WASHINGTON - Spanish point guard Ricky Rubio's season for the Minnesota Timberwolves is over and he will likely miss the London Olympics after suffering a torn left knee ligament, the NBA club said Saturday.
The 21-year-old rookie standout suffered the torn anterior-cruciate ligament Friday in a 105-102 home loss to the Los Angeles Lakers, the T-Wolves' 18th loss in a row to the Lakers.
With recovery time from such injuries typically six to nine months, the injury almost certainly dooms his hopes to play for Spain in July at the London Olympics, a major setback for a strong Spanish side filled with NBA talent.
"We're all disappointed," Timberwolves coach Rick Adelman said. "I feel for him with the summer coming up. If anybody can do everything he can do to get back where he was, he will."
Rubio moved to help defend Lakers star Kobe Bryant in the final seconds and the Spaniard's left knee buckled just before he and Bryant collided. Rubio was called for a foul and Bryant sank game-winning free throws.

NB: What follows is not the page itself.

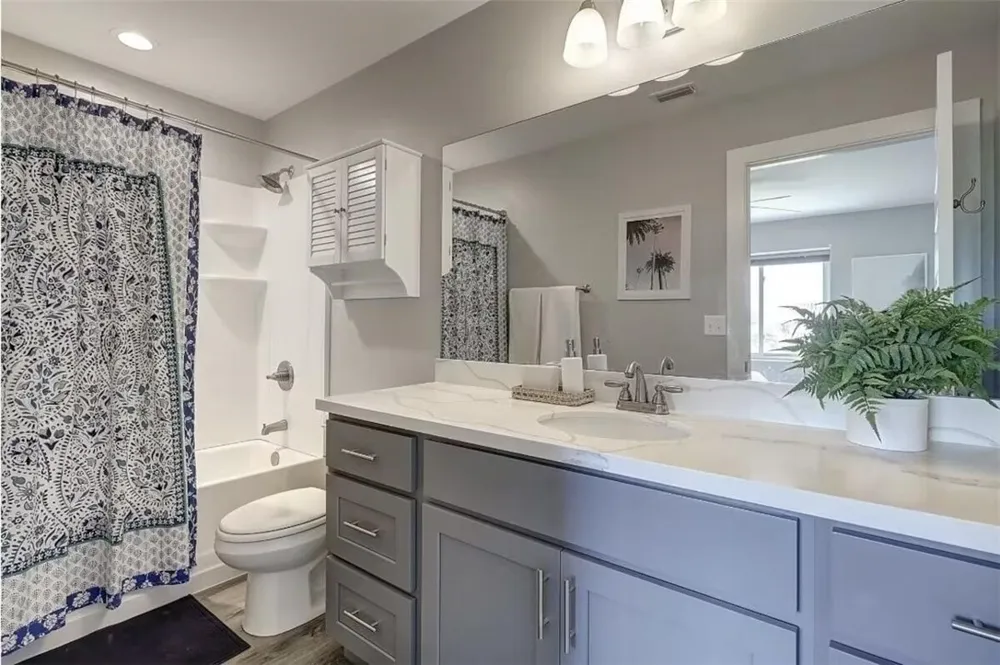 1107 S 11th Street #B12 Port Aransas, TX 78373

Rubio was helped into the locker room by teammates and walked out of the arena with the help of a friend, taking with him much of the energy that had given Timberwolves fans hopes of reaching the playoffs for the first time since 2004.
"He does so many things for us," Adelman said. "He gives us a lot of intangibles."
Rubio was averaging 10.6 points 8.2 assists and 4.2 rebounds a game for Minnesota.
"He was having a great year. We'll miss him," Adelman said. "He sets a great tone for your team. But he's young and he's so competitive. He will get through this and he will be back.
"It's just too bad. He had such an influence on our team. You feel for him."
At 21-20, the T-Wolves rank ninth in the Western Conference, one loss behind Houston for the eighth and final playoff berth in the West,
"We're still in it. I don't see any reason to back away from that," Adelman said. "They've worked to get to this point. We want to keep going. We may get beat but we're going to battle."
Minnesota fans have waited for Rubio for years since he was drafted as a teen prodigy and honed his talents in Spain, becoming the youngest Spanish league player in history at age 14.
Now the Timberwolves must consider making a deal before Tuesday's trade deadline to help them the rest of the way this season.
"We haven't even sat down and talked about it," Adelman said. "It's still kind of a shock for everybody."
Other players will have to handle the ball more and become more dynamic playmakers in Rubio's absence.
"We still want to push the ball if we can," Adelman said. "He had the ball in his hands a lot. It's going to change things. We're going to have to tinker with it and try to figure things out as we go.
"Different guys are going to have to step up and do more. We've been playing at a high level. You can't step backwards. You don't have time to get down."